Judge Prohibits Mentioning Past Troubles In Trayvon Martin Case
SANFORD, Fla. (AP) — Attorneys won’t be able to mention Trayvon Martin’s drug use, suspension from school and past fighting during opening statements at the trial of a former neighborhood watch volunteer who fatally shot the teen, a judge ruled Tuesday.
However, Circuit Judge Debra Nelson left open the possibility that the defense could try again later during the trial if it could show relevance.
George Zimmerman is charged with second-degree murder in the 17-year-old’s killing and has pleaded not guilty, saying he acted in self-defense. He did not attend Tuesday’s hearing.
In another key motion Nelson refused to allow jurors to travel to the shooting scene during trial, and rejected a defense request to delay the trial set to begin June 10.
The judge called the request to let jurors see the crime scene “a logistical nightmare.”
Zimmerman’s attorney, Mark O’Mara, said Nelson’s decisions would not affect how he presented his case.
“We were hoping that we would have some limitations on people commenting upon information that is not yet relevant,” O’Mara said. “So the idea that the state will have to be careful about how they present their case — and certainly we’re going be careful about how we present ours — is exactly what we were hoping for.”
He acknowledged, however, that with the judge not delaying the trial the defense would “have a lot more work to do than we can get accomplished between now and June 10.”

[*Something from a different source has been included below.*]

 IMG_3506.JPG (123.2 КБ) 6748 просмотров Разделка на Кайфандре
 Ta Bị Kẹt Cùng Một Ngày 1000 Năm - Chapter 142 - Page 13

The judge also ruled that some of the Martin’s texts and other social media statements won’t be allowed in opening statements, though it, too, could be allowed later with a ruling from the judge depending on how the case progresses.

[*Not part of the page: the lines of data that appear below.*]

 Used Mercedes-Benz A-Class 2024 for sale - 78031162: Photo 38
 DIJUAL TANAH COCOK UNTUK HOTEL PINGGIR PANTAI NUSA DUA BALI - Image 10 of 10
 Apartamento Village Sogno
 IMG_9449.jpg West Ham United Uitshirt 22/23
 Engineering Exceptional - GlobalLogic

O’Mara told the judge that Martin’s marijuana use and past fighting was central to the argument that Zimmerman used self-defense when he confronted Martin last year at a gated community in Sanford, Fla.

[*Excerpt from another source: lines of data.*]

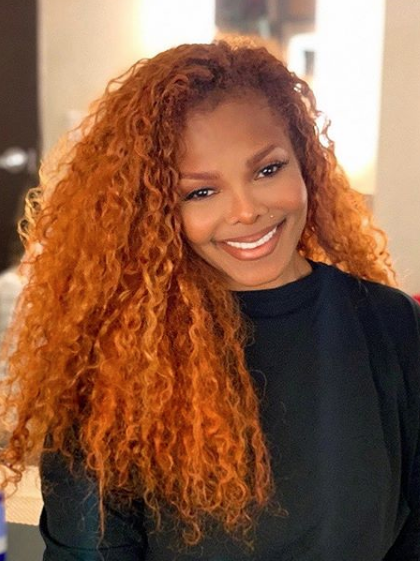Janet Jackson Posts “I Got Sh*t To Do In June”, Amidst Plans To Kick Off Tour Same Month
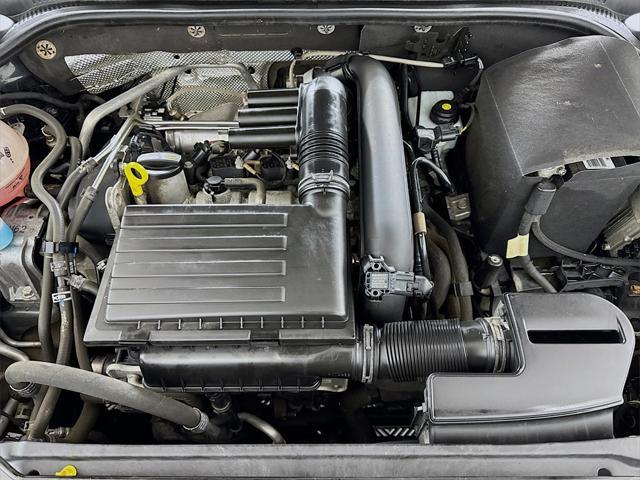 used 2017 Volkswagen Jetta car, priced at $8,999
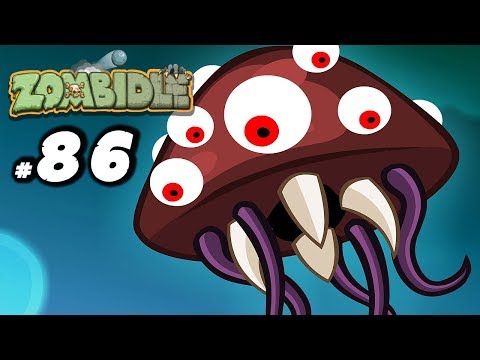 Zombidle Gameplay Walkthrough: #86 - PASSING 400 BILLION ORBS! - [PC Let's Play Commentary] - GPV247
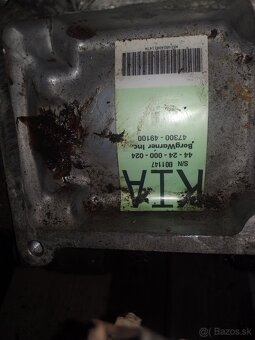 Rozvodovka Kia Sorento 103-125kw - 4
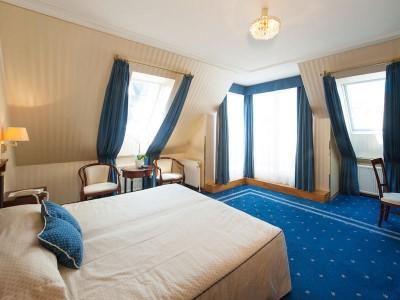 Ambassador 5* Wien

“We have a lot of evidence that marijuana use had something to do with the event,” O’Mara said. “It could have affected his behavior.”
An attorney for Martin’s family, Benjamin Crump, said the teen’s parents were pleased with the judge’s rulings on information they consider immaterial to the February 2012 shooting.
“Trayvon Martin is not on trial,” Crump said.
The judge ruled against a defense request that the pool of 500 jury candidates be sequestered during jury selection. She said jurors will be referred to by their jury numbers and prohibited their faces from being photographed. Nelson denied a prosecution request for a gag order that would prohibit attorneys from talking about the case.
O’Mara said he is concerned potential jurors could be affected by publicity the case is receiving.
The defense attorney had asked to push back the trial date because he said prosecutors had delayed turning over evidence as required. O’Mara is seeking sanctions against prosecutors, but a hearing on those sanctions was delayed until next week.
Before the judge decided to postpone the hearing on sanctions, a former prosecutor who used to work in the same office as the attorneys prosecuting Zimmerman testified he had told O’Mara about photos and text messages from Martin’s cell phone that hadn’t yet been turned over to the defense.
Former Assistant State Attorney Wesley White resigned last year from the State Attorney’s Office that covers northeast Florida.